One of the world’s largest luxury fashion companies, Kering Group, is ditching fur for good: citing ethical and ‘modernity’ reasons.
Kering is the parent company of Gucci, Alexander McQueen, Yves Saint Laurent, and Balenciaga. Additionally, Bottega Veneta, Boucheron, Girard-Perregaux, Qeelin, Pomellato, Ulysse Nardin, Brioni, and more.
Most of Kering’s brands had already dropped fur from their collections. Now, Yves Saint Laurent and Brioni have followed suit.
This means the entire fashion conglomerate is now fur-free.
‘The right thing to do’
Kering, which brought in €13.1 billion of revenue last year, started going fur-free back in 2017. This is when Gucci, which was founded 100 years ago, stopped using fur.
François-Henri Pinault is the chairman and CEO of Kering. He said in a statement sent to Plant Based News: “Going entirely fur free is just the right thing to do. We do it out of conviction, for the sake of ethics and modernity.”
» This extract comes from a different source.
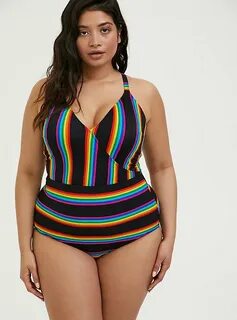 Plus Size - Black Rainbow Stripe Wireless One-Piece Swimsuit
In a separate statement, Pinault explained: “For many years, Kering has sought to take the lead in sustainability, guided by a vision of luxury that is inseparable from the very highest environmental and social values and standards. When it comes to animal welfare, our Group has always demonstrated its willingness to improve practices within its own supply chain and the luxury sector in general.”
“The time has now come to take a further step forward by ending the use of fur in all our collections. The world has changed, along with our clients, and luxury naturally needs to adapt to that,” he added.
‘A new era’
PJ Smith, Director of Fashion Policy at the Humane Society of the United States (HSUS), commended the move. HSUS worked with Gucci in 2017 to announce its fur-free policy.
“Kering is synonymous with luxury fashion, and with this announcement, it marks a new era for what is considered luxury to now include what is socially responsible, ethical and innovative,” Smith said. “We hope the rest of the fashion industry will take notice choosing compassion and innovation over an outdated idea of luxury.”
Starting from the Fall 2022 collections, none of the Kering’s houses will use fur. However, the group’s brands still produce items with wool and leather. The company says the production of these materials will be monitored under its set of animal welfare standards, which it published in 2019.